Había una vez, hacen
ya muuuuuuchos años, más de un siglo tal vez, en el contorno de la plaza,
de una casa grande, techumbre de broza (hojas secas de la caña de azúcar)
entraban y salían las visitas durante todas las tardes y a veces las primeras
horas de la noche. "Entre nosotras" decían todo es secreto, silencio,
como en una añeja tumba. Las hermanitas Catita, Rosita y Julita recibían a sus
viejas amigas en su sala con muebles de esterilla y conversaban
amenamente las novedades de todo el vecindario. Rosquitas, empanadas,
panecitos y bizcochuelos circulaban entre las afanosas parlanchinas, sin faltar
la taza de chocolate bien batido o del café de cántaro tan fragancioso.
Lo cierto es que desde
el día siguiente toda la población estaba enterada de aquellos pormenores.
El mejor laboratorio
noticioso era la ventana de la casa de las hermanitas, pues desde allí nadie
pasaba desapercibido por la plaza y las conversaciones se escuchaban
resonantemente.
Pero todo tiene su
final, una de aquellas medias noches, instaladas las curiosas al interior de su
ventana observaron que encima del poyo de la iglesia (hoy atrio) un
resplandor de luz salía por la puerta, se quedaron pasmadas, no sabían nada de
lo que estaba ocurriendo. Efectivamente, era una procesión, peor aún, no
había ninguna celebración religiosa esos días.
Sin embargo quedaron
convencidas que se trataba de una procesión del "Señor de Ánimas",
claro el mismo yacente del Viernes Santo, en su urna de cristales.
"Algo debe haber
sucedido ahora para que hayan decidido sacarlo en silenciosa procesión".
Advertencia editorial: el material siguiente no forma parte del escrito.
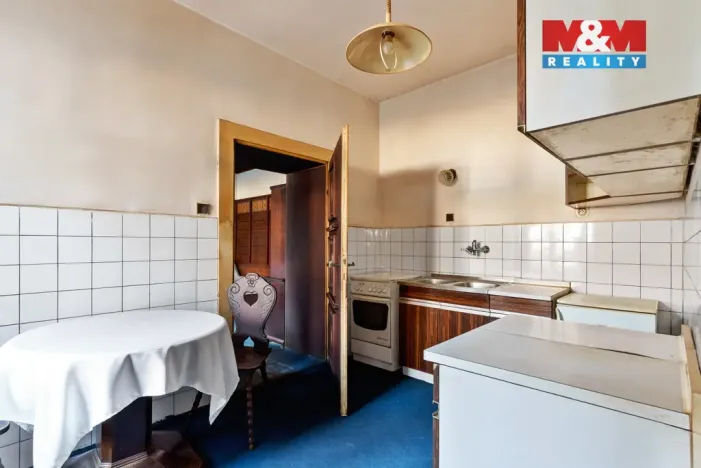 Prodej bytu 2+1, Hejnice, 72 m2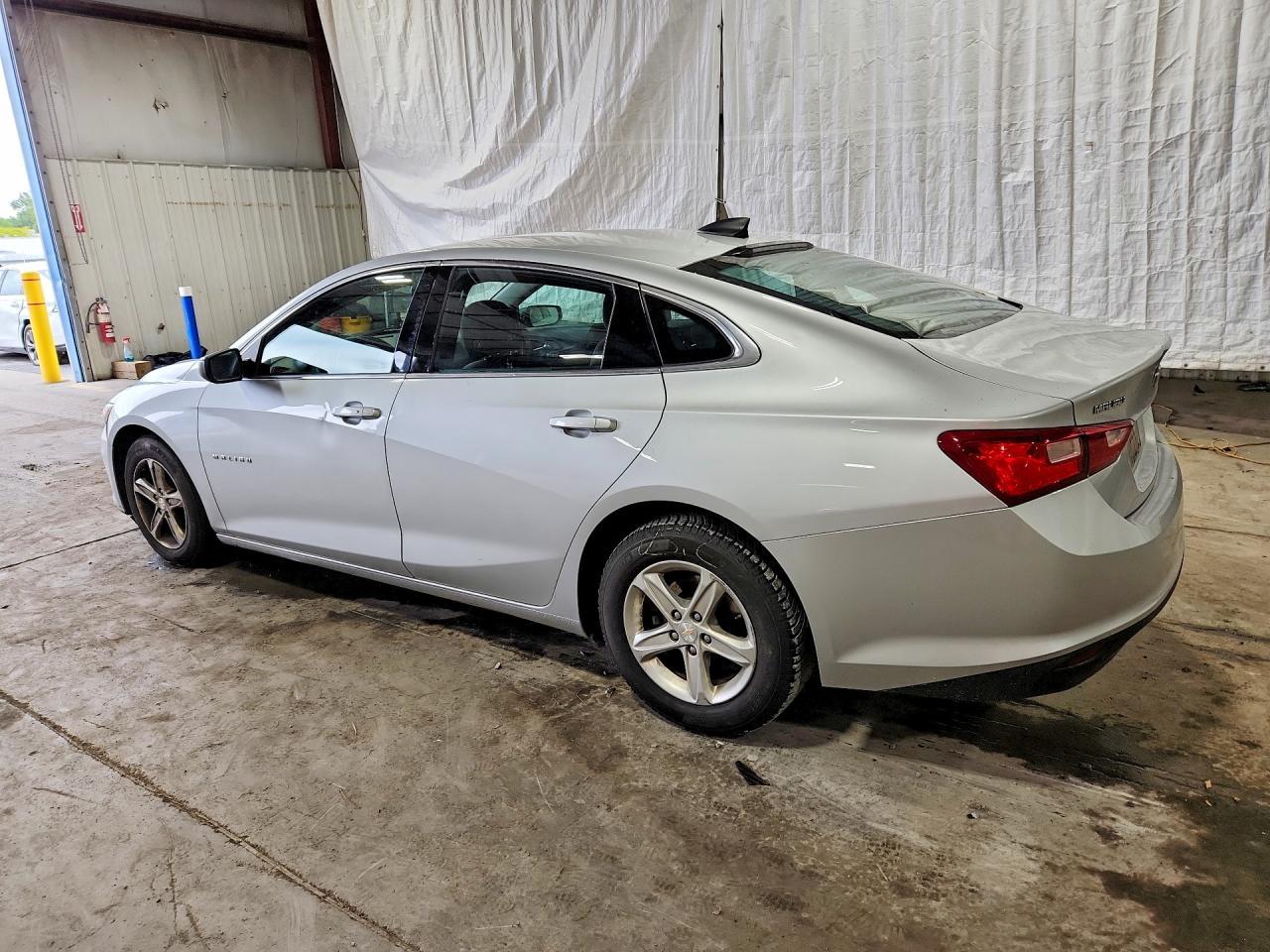 2021 Chevrolet Malibu Ls - zdjęcie 2
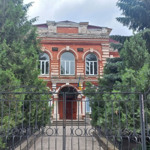 Жіноча гімназія (колишній природничо-математичний ліцей)
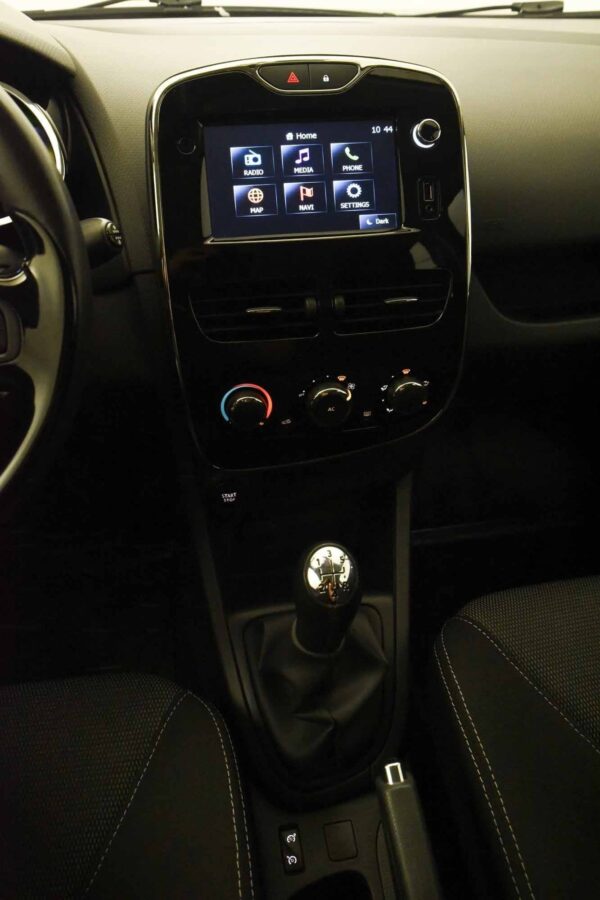 14 Renault Clio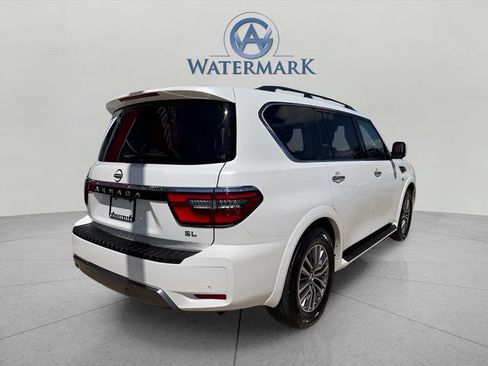 Used 2022 Nissan Armada SL w/ Captain's Chairs Package AWD/4WD image 4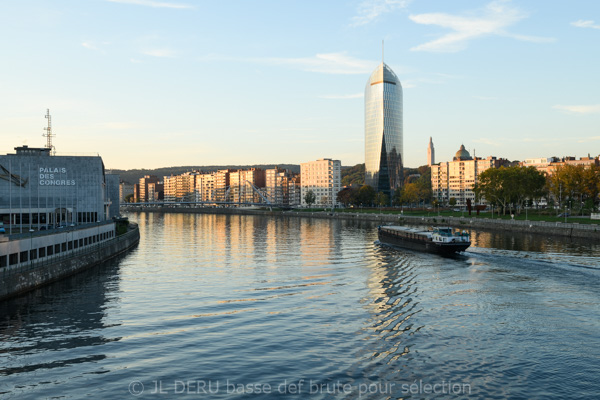 tour des finances à Liège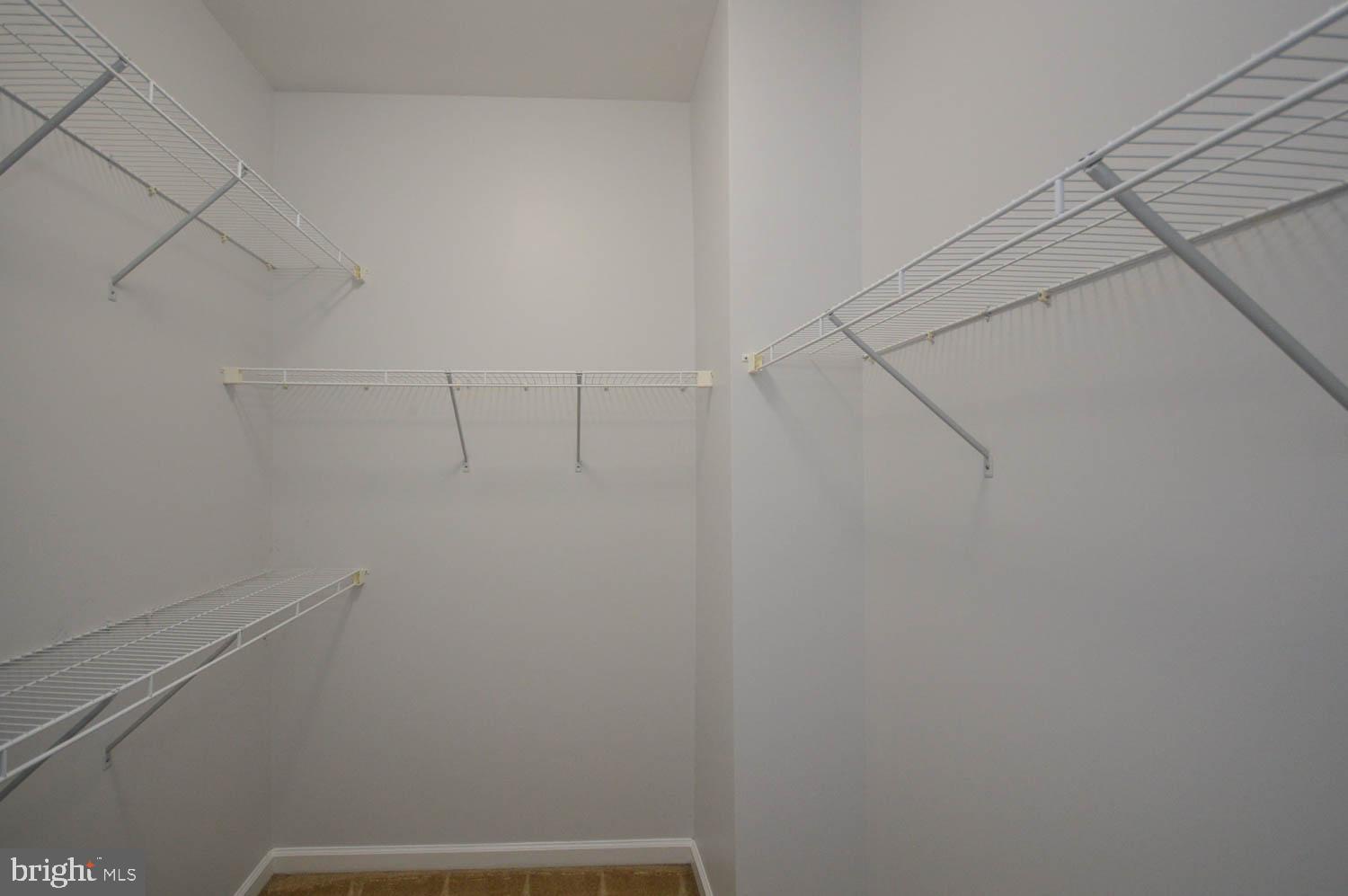 2464 BALDWIN CRESCENT NE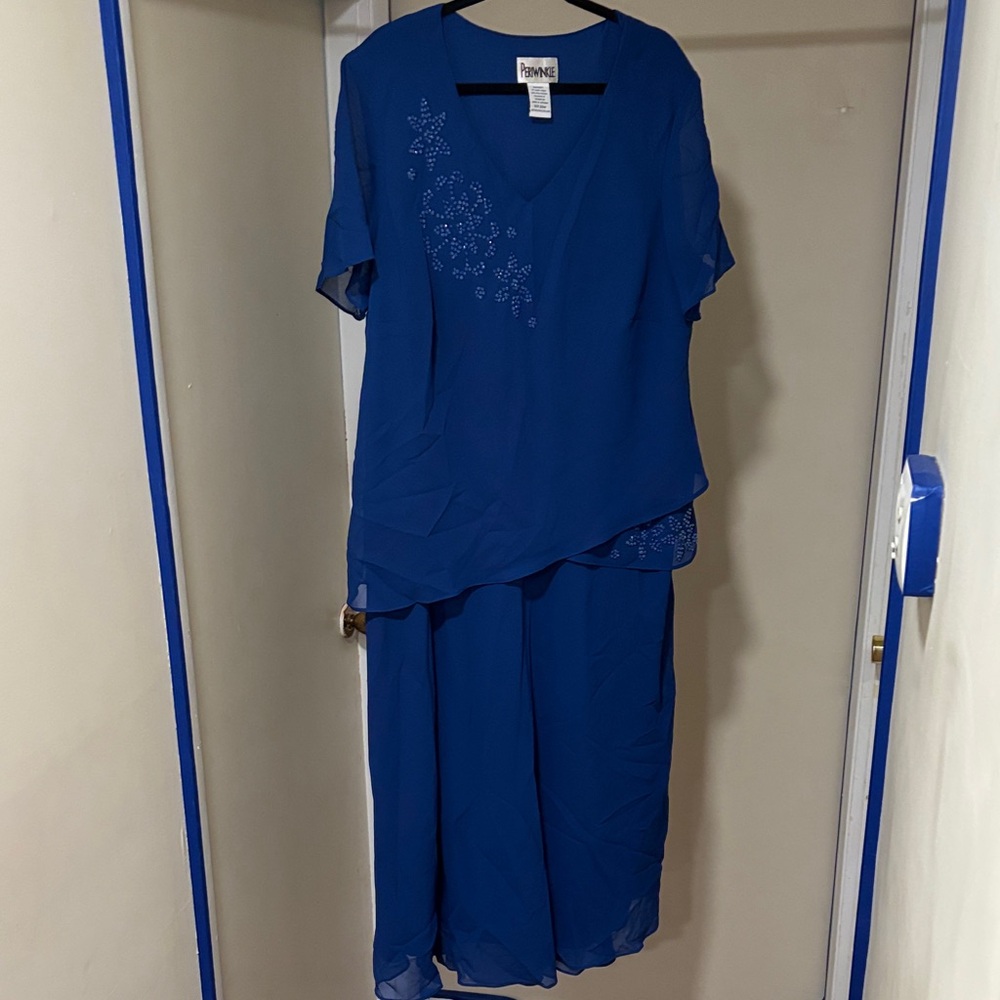 Elegant Blue Women's Skirt Set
No tuvieron si no que postrarse de rodillas, como muy buenas y piadosas
religiosas y rezar, rezar y rezar.
Al momento de pasar
por su casa la devota contingencia, enlutada de recio negro, tan chucudas por
un manto que no les permitía ver sus caras, tres feligreses se acercaron a la
ventana y les alcanzaron a las sendas beatitas, las velas encendidas que
portaban. Con ellas acompañaron la procesión desde la ventana de su casa,
orando y golpeando su pecho, hasta que entraron nuevamente al templo, se
apagaron todas las luces de las velas de cebo que habían alumbrado y ellas
también cerraron su ventana y fueron al dormitorio para descansar, apagando sus
velas hasta el siguiente día, en que el sol son sus brazos de tibia luz las
despertara.
Al levantarse
encontraron que las velas eran huesos de esqueleto humano, gritaron, lloraron y
compungidas fueron tras el cura Salazar para confesar sus pecados y prometer
nunca más juzgar la vida de la gente.